[INPUT DATA — start]

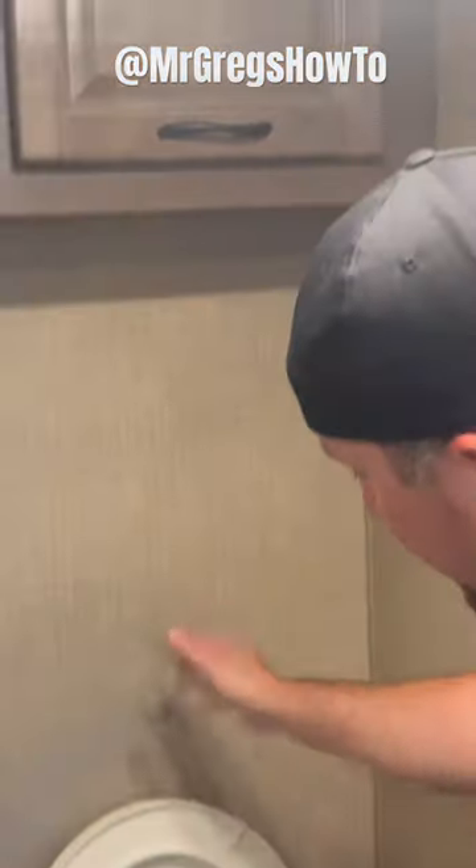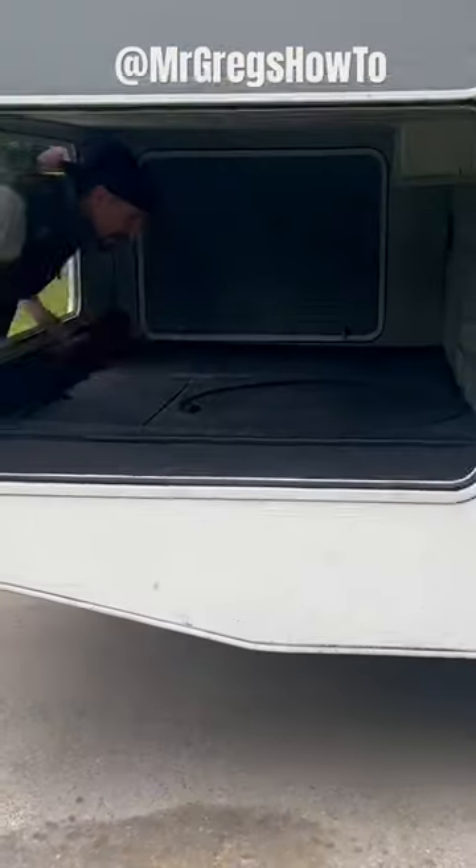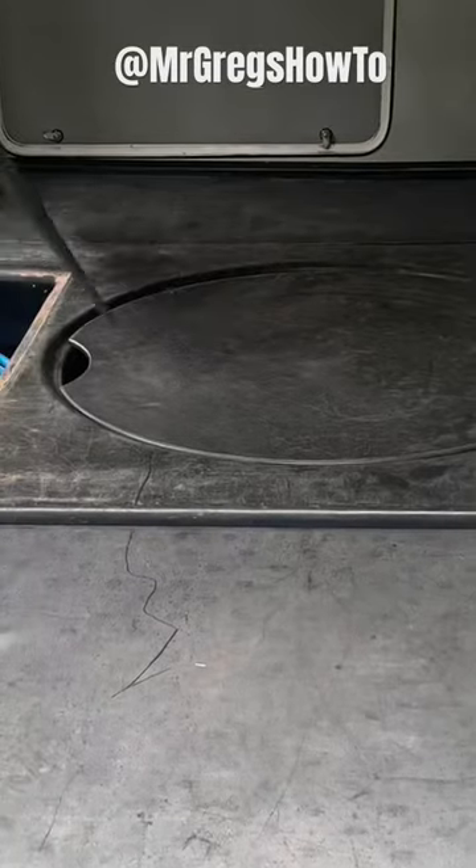Step outside and do a quick walk through to show you what else we have. You could probably sleep somebody in here, although I do not recommend it — that would not be safe. This also has a foldable table that's locked in.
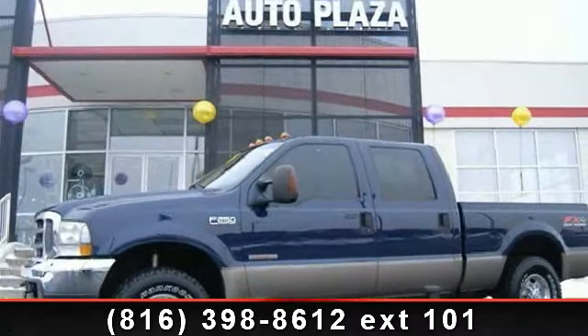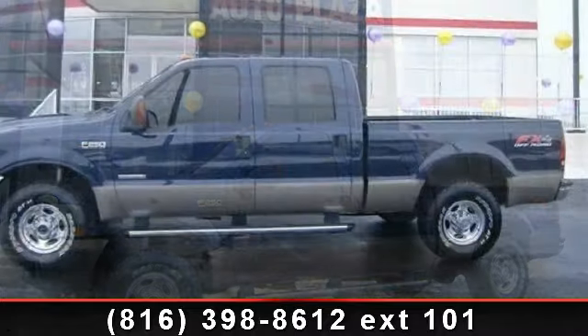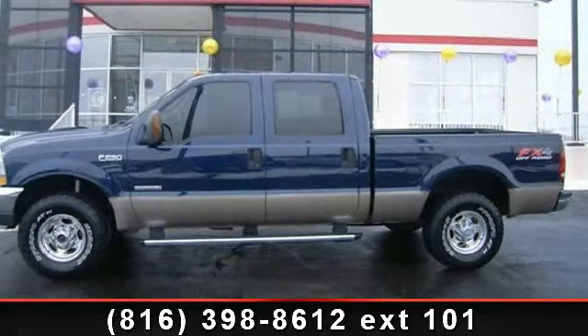Check out this 2004 Ford Super Duty F-250. If you are looking for an automobile with great features, look no further.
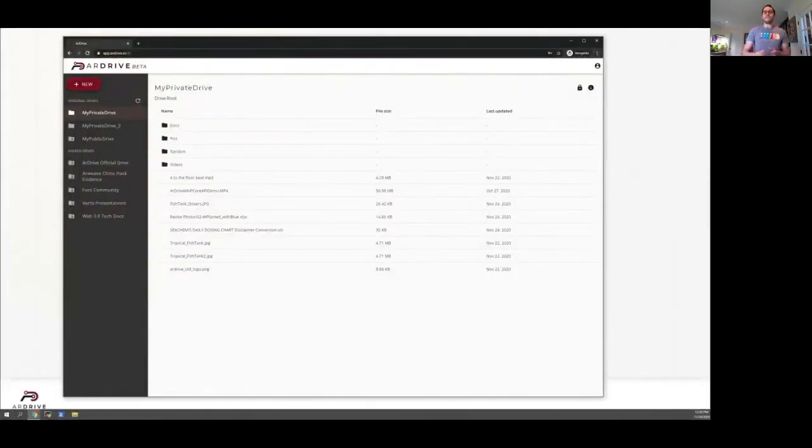I've opened up my favorite browser and loaded our R Drive beta web app and already logged into my existing R Drive profile using my RWeave wallet. We're looking at the main explorer screen with all of my drives, folders, and files. In the top right, I can see my wallet balance, since that's used to pay for anything I upload.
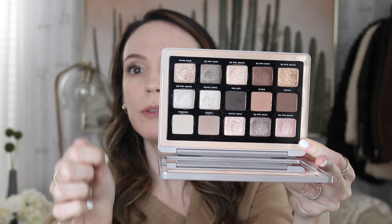I added some liner — I did this dark brown color in the middle with an angle brush by Zoeva, just pressing it along the lash line. I'll link the liner brush below because it is fantastic. Then I added my Marc Jacobs At Lash'd mascara. It's the most gorgeous palette — just stunning.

[INPUT DATA — finish]

(WHAT THE TASK ASKS) Copy out nothing but text: transcribe the listing exactly and skip each picture.

(TASK RESPONSE)
Step outside and do a quick walk through to show you what else we have. You could probably sleep somebody in here, although I do not recommend it — that would not be safe. This also has a foldable table that's locked in.
Check out this 2004 Ford Super Duty F-250. If you are looking for an automobile with great features, look no further.
I've opened up my favorite browser and loaded our R Drive beta web app and already logged into my existing R Drive profile using my RWeave wallet. We're looking at the main explorer screen with all of my drives, folders, and files. In the top right, I can see my wallet balance, since that's used to pay for anything I upload.
I added some liner — I did this dark brown color in the middle with an angle brush by Zoeva, just pressing it along the lash line. I'll link the liner brush below because it is fantastic. Then I added my Marc Jacobs At Lash'd mascara. It's the most gorgeous palette — just stunning.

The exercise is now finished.